CVE-2026-23781 -- CVSS 9.8 Vulnerability Briefing
CVE-2026-23781 | CVSS 9.8 (Critical) | Exploit: No known exploit
What Is It
CVE-2026-23781 is a hardcoded credentials vulnerability in BMC Control-M/MFT versions 9.0.20 through 9.0.22, a managed file transfer component of the BMC Control-M workload automation platform.
Technical Detail
The application package contains a set of default debug user credentials stored in cleartext, meaning any party with access to the package or its configuration files can recover them without any cryptographic effort. An attacker who obtains these credentials, whether through package inspection, insider access, or file system exposure, can authenticate to the application as a privileged debug user without any additional exploitation steps. Depending on the permissions associated with the debug account, this could result in unauthorized access to managed file transfer operations, sensitive data in transit, and potentially lateral movement within environments where Control-M/MFT is integrated with broader enterprise workflows. The CVSS score of 9.8 reflects the low attack complexity and the absence of any authentication prerequisite for exploitation once credentials are known.
Exploitation Status
No known exploit code has been publicly observed or confirmed at this time, and this CVE is not currently listed in the CISA Known Exploited Vulnerabilities catalog. However, the nature of hardcoded cleartext credentials means that exploitation requires no specialized tooling; any actor who identifies the credentials through package analysis or disclosure can immediately leverage them. The practical barrier to exploitation is low even in the absence of a formal exploit.
Who Is Targeting This
No specific threat actor attribution has been confirmed at this time.
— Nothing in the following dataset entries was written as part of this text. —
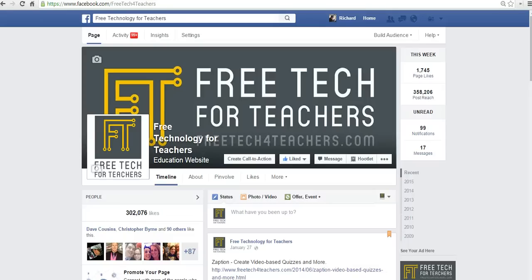Hi this is Richard Byrne at FreeTechForTeachers.com. In this video I want to give you a short overview of a nice little image editing app called Skitch.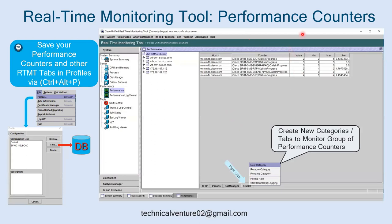To create new categories: click the Performance tab, where you see TFTP, Phones, Call Manager, and Trunks. Right-click on a category like Trunks and you'll see a New Category option, which lets you create a new category to monitor a group of performance counters. Once you've created a new category and want to save your performance counters and other RTMT tabs, press Ctrl+Alt+P or go to File > Profile to save.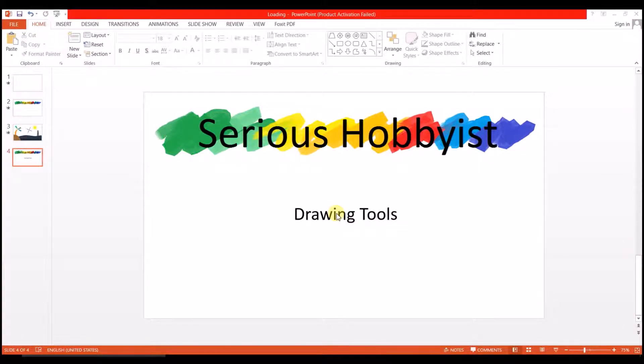Hello, welcome guys to another video of CS Hopist. In this video I'm going to show you how to use drawing tools in PowerPoint.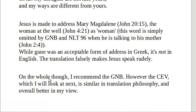On the whole, I recommend the Good News Bible. However, the CEV, which I'll look at next, is similar in translation philosophy and overall does it better, in my view.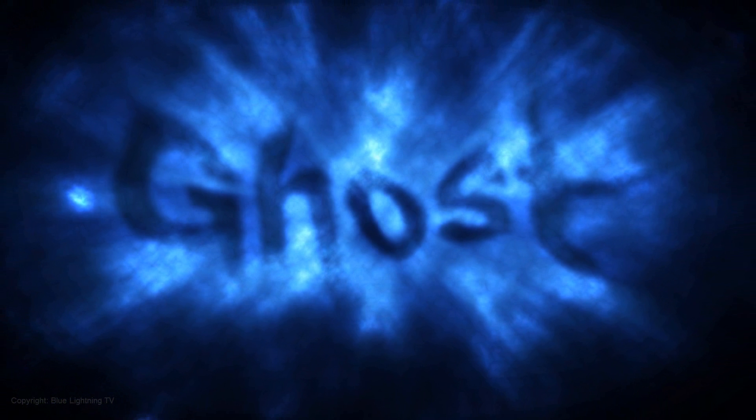Hi. This is Marty from Blue Lightning TV. I'm going to show you how to create this spooky text effect.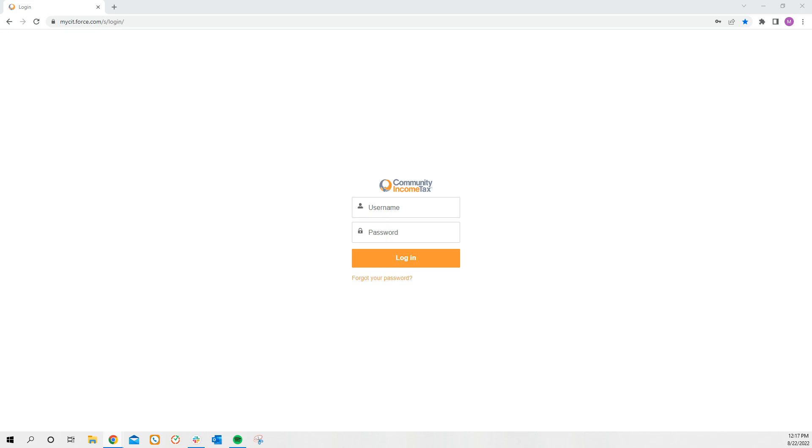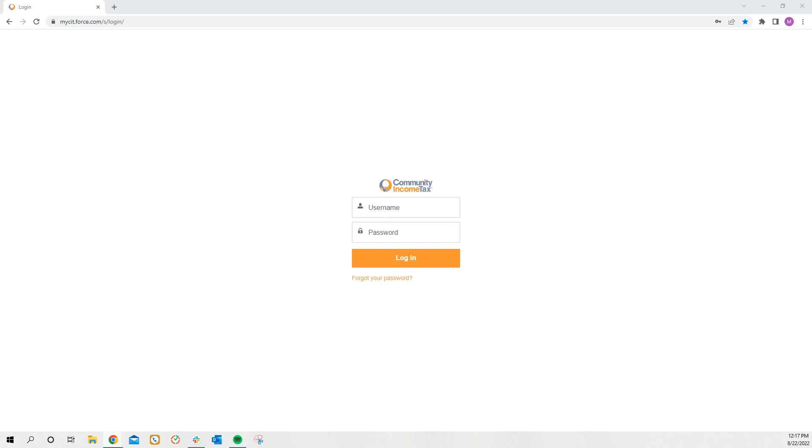Your username will be your email, and the password will be the one that you created. If this is the first time that you're logging in, you will have received an email with the password reset link. The subject of that email would have been My CIT Portal. All you have to do is click the link in that email, and it will take you directly to this website and have you reset your password.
BMC Control-M is widely deployed in enterprise and financial sector environments, which historically attract interest from both financially motivated actors and espionage-oriented groups, but no campaigns or actors have been linked to this specific vulnerability as of the date of this briefing.
What To Do
Organizations running BMC Control-M/MFT versions 9.0.20 through 9.0.22 should apply vendor-supplied patches immediately given the critical severity rating and the trivial exploitation path. As an interim measure, administrators should audit the application package and configuration files to identify and manually disable or change any default debug user accounts before a patch can be applied. Network access to the Control-M/MFT management interface should be restricted to trusted hosts and administrative networks only. Audit logs should be reviewed for any authentication events associated with debug or default account names. Confirm with BMC whether a fixed version is available and prioritize deployment in environments where Control-M/MFT handles sensitive or regulated data transfers.